Leafing through the finance section of a local bookstore, Burry found a particularly dense tome,
Credit Derivatives & Synthetic Structures: A Guide to Instruments and Applications
, that explained the knotty world of credit-default swaps, or CDS. The terminology sounded complex, and it was a slow slog getting through the jargon. But for Burry, it was like stumbling into an alternative world he never knew existed, one rife with possibility. While CDS contracts rarely garnered any mention in newspapers or on financial television, and most stock-focused investors hardly knew of them, Burry discovered that the CDS market had soared to $2 trillion from about $100 billion the previous decade, becoming among the world’s largest financial markets.

Burry quickly realized CDS contracts were not very different from everyday insurance contracts. A buyer of a CDS contract agreed to pay a premium, in regular installments, as with any insurance contract, in exchange for protection sold by the seller of the CDS. But instead of
guarding against damage to a house or car, CDS contracts offered a relatively easy way to prevent damage to an investment portfolio resulting from a company running into problems paying its debts.

If Burry was holding $1 million of IBM bonds, and was worried that the company might miss a debt payment, he could just buy a CDS contact costing as little as $10,000 annually, and receive a guarantee from the seller of the CDS to make him whole in the event IBM defaulted. If IBM ran into problems, or even looked like it might do so, the value of the CDS insurance contracts could be expected to rise in value. But if IBM proved a solid creditor, the CDS insurance contract would expire, and the buyer of the insurance would have lost only the annual cost of the insurance, just like any holder of insurance if a catastrophe never materializes.

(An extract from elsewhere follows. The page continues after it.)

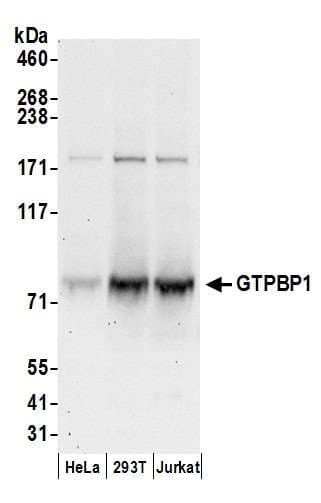 Polyclonal Rabbit anti-Human GTPBP1 / GP1 Antibody (aa575-625, WB)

Shorting shares of IBM could lead to big losses if the stock somehow soared, but losses from CDS contracts were capped. To Burry, CDS insurance seemed like the perfect kind of investment to own the next time he spotted trouble.

By 2003, Burry was managing $250 million of client money, making $5 million a year. He and his wife, with two children in tow, found a six-bedroom home in the nearby upscale community of Saratoga. It had sat on the market for more than two years, as the dot-com collapse weighed on local housing. The owners had asked $5.4 million for the home. Burry offered $3.8 million, and his bid was accepted.

Burry had a growing sense that other parts of the country might have their own housing problems. A number of investors were warming to shares of home builders and other real estate businesses, which seemed inexpensive given their growing earnings. But Burry’s doubts grew as he studied the market.

He began to dig into the history of housing and why certain neighborhoods decay, and discovered that the value of land went nowhere in the sixty years preceding the 1940s, when the government began subsidizing the home purchases of returning GIs.

“It struck me that three generations had passed” since the last ugly period of real estate, says Burry, who wrote a long letter to his investors in the middle of 2003, warning about looming housing dangers. “There
were no senior family members left who could, from experience, warn their children and grandchildren about the dangers of falling home prices; everyone felt that home appreciation was a right.”